_TASK STATEMENT_: Every entry is to be returned exactly as it stands; the pictures are to be dropped.

PROVIDED RECORDS section start

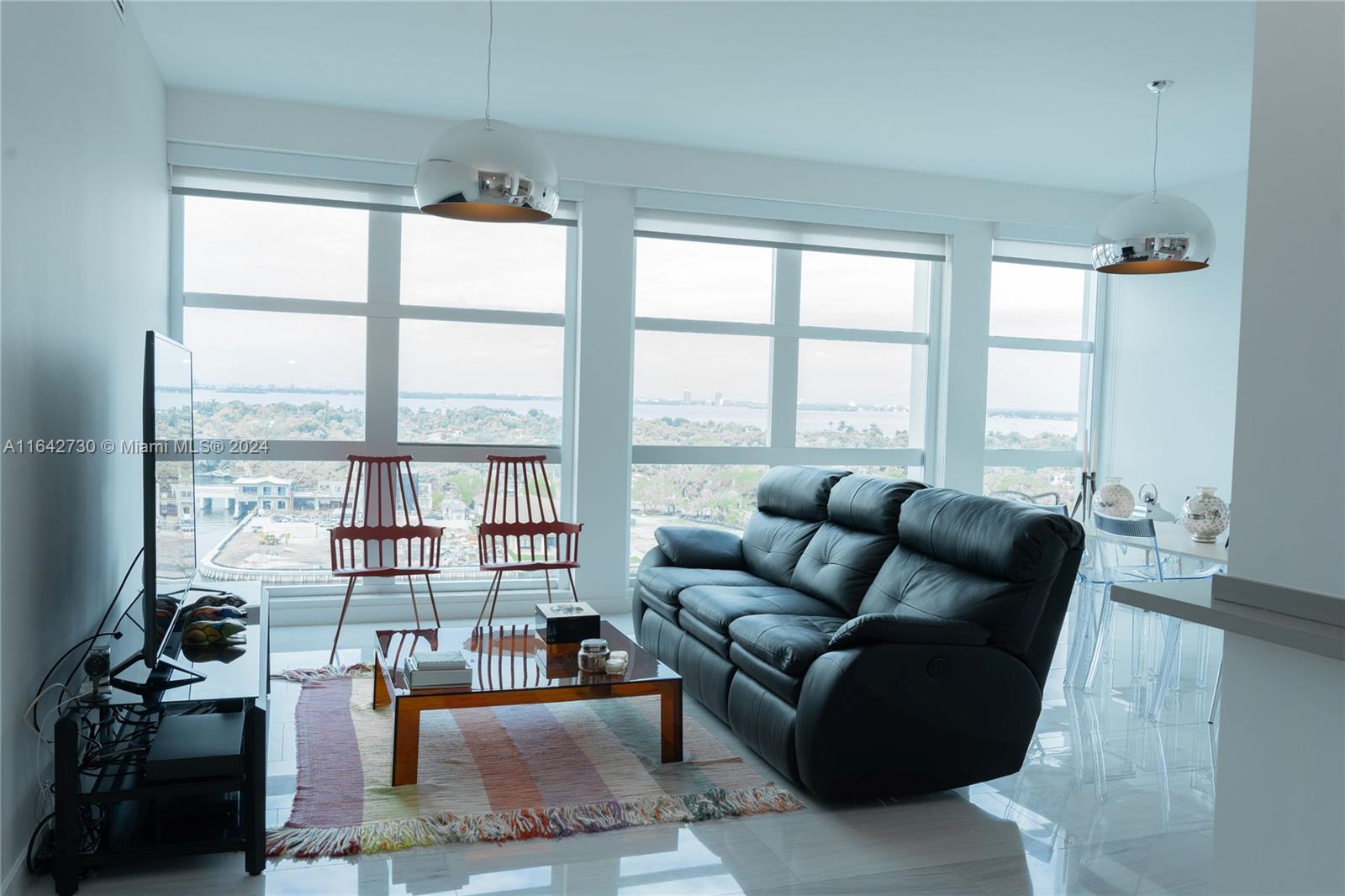 CRYSTAL HOUSE CONDO - Residential Lease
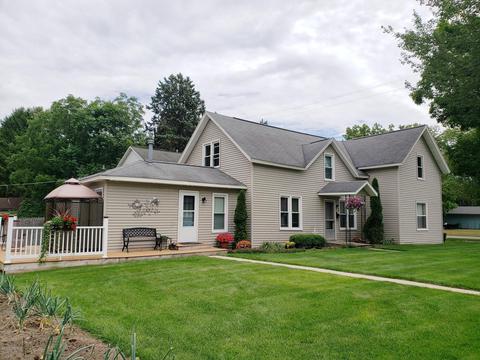 504 E Hanson St, Whitehall, MI 49461 photo 1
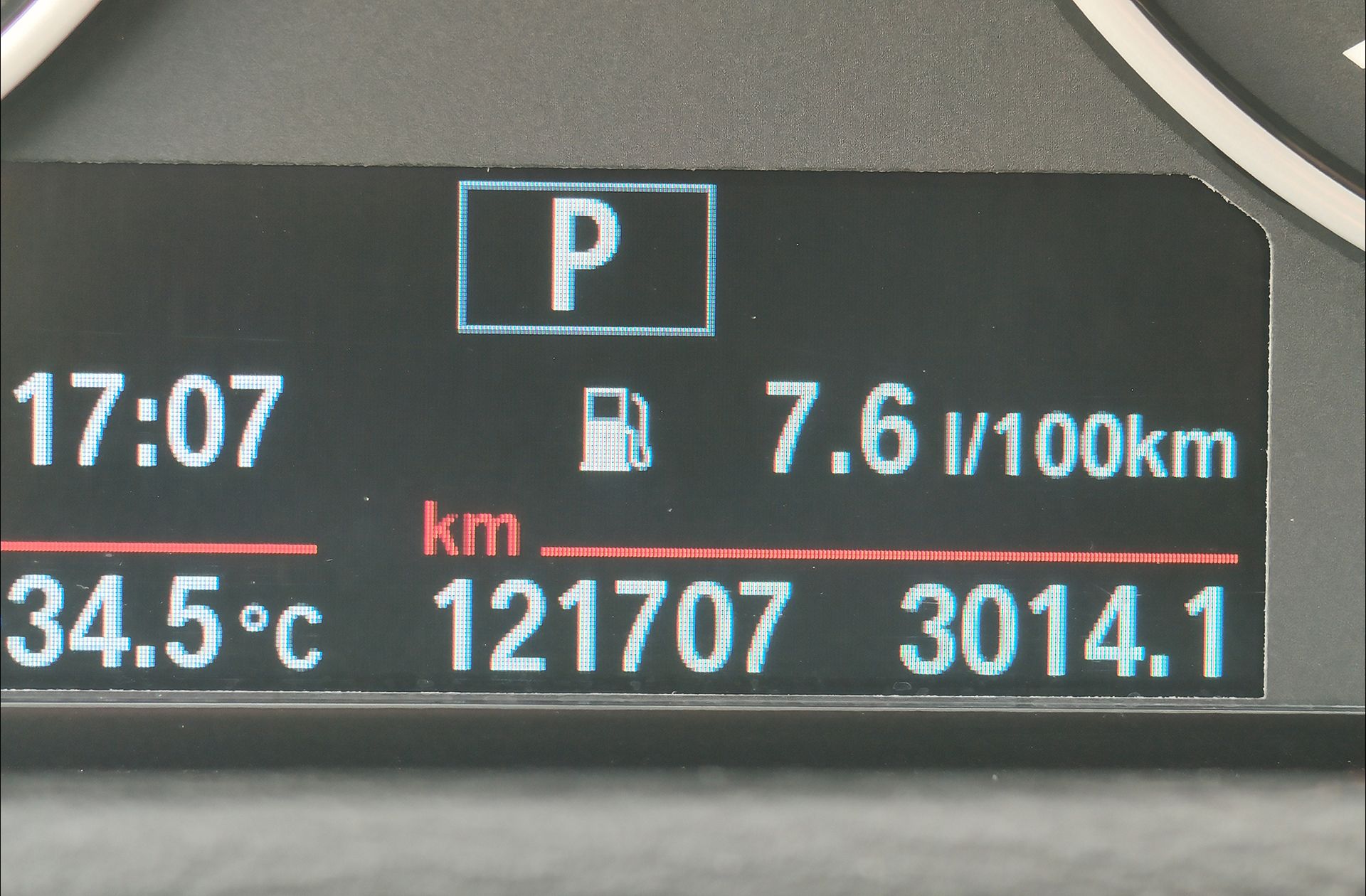 BMW X1 sDrive18d - foto 9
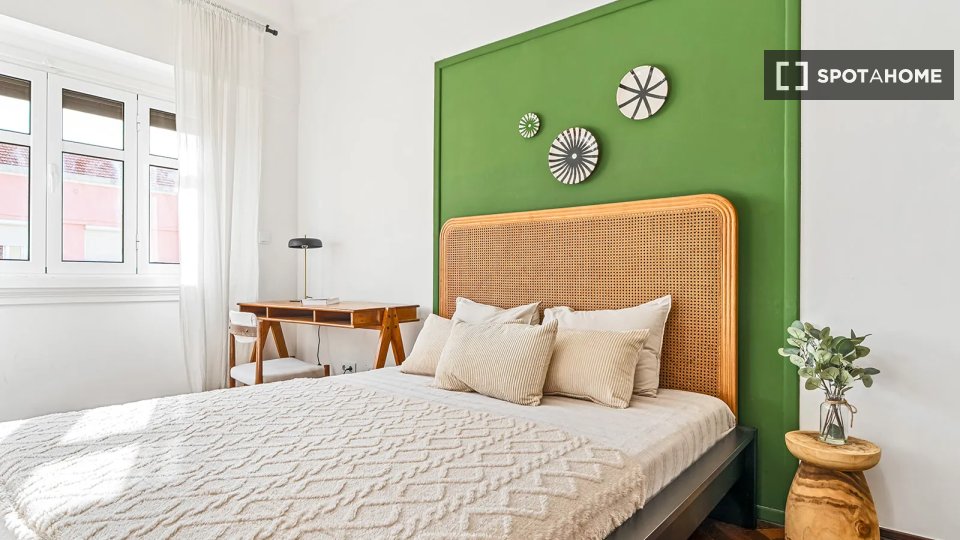 Double room Lisbon, 7 beds — photo 1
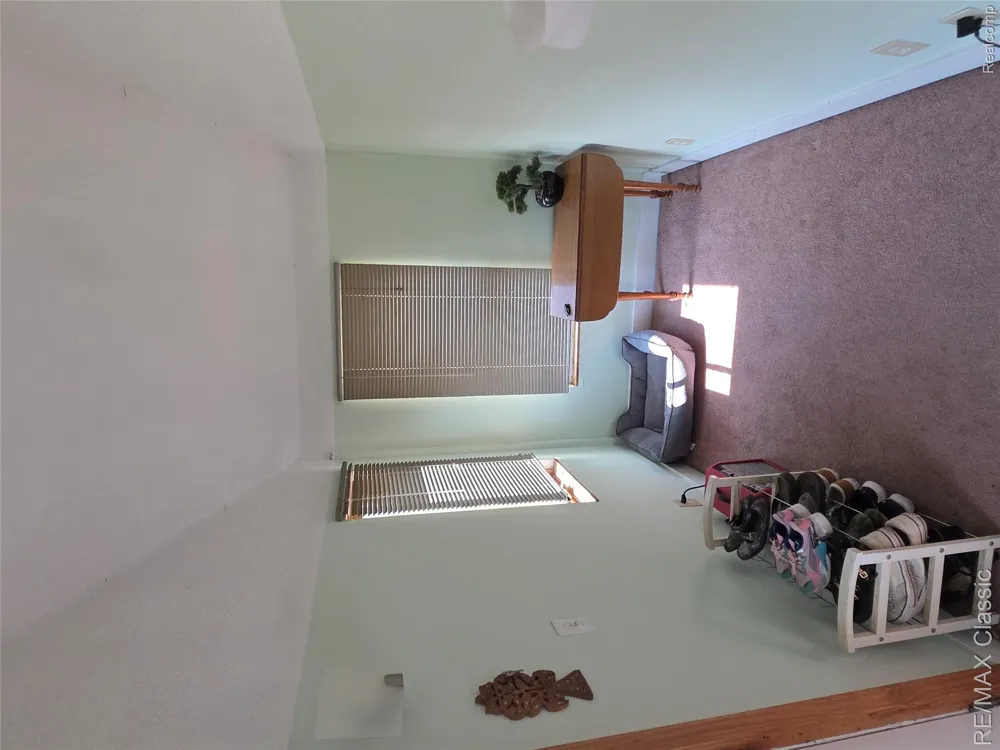 324 W Hudson Avenue Madison Heights City, MI 48071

PROVIDED RECORDS section end

_YOUR RESPONSE_:
 CRYSTAL HOUSE CONDO - Residential Lease
 504 E Hanson St, Whitehall, MI 49461 photo 1
 BMW X1 sDrive18d - foto 9
 Double room Lisbon, 7 beds — photo 1
 324 W Hudson Avenue Madison Heights City, MI 48071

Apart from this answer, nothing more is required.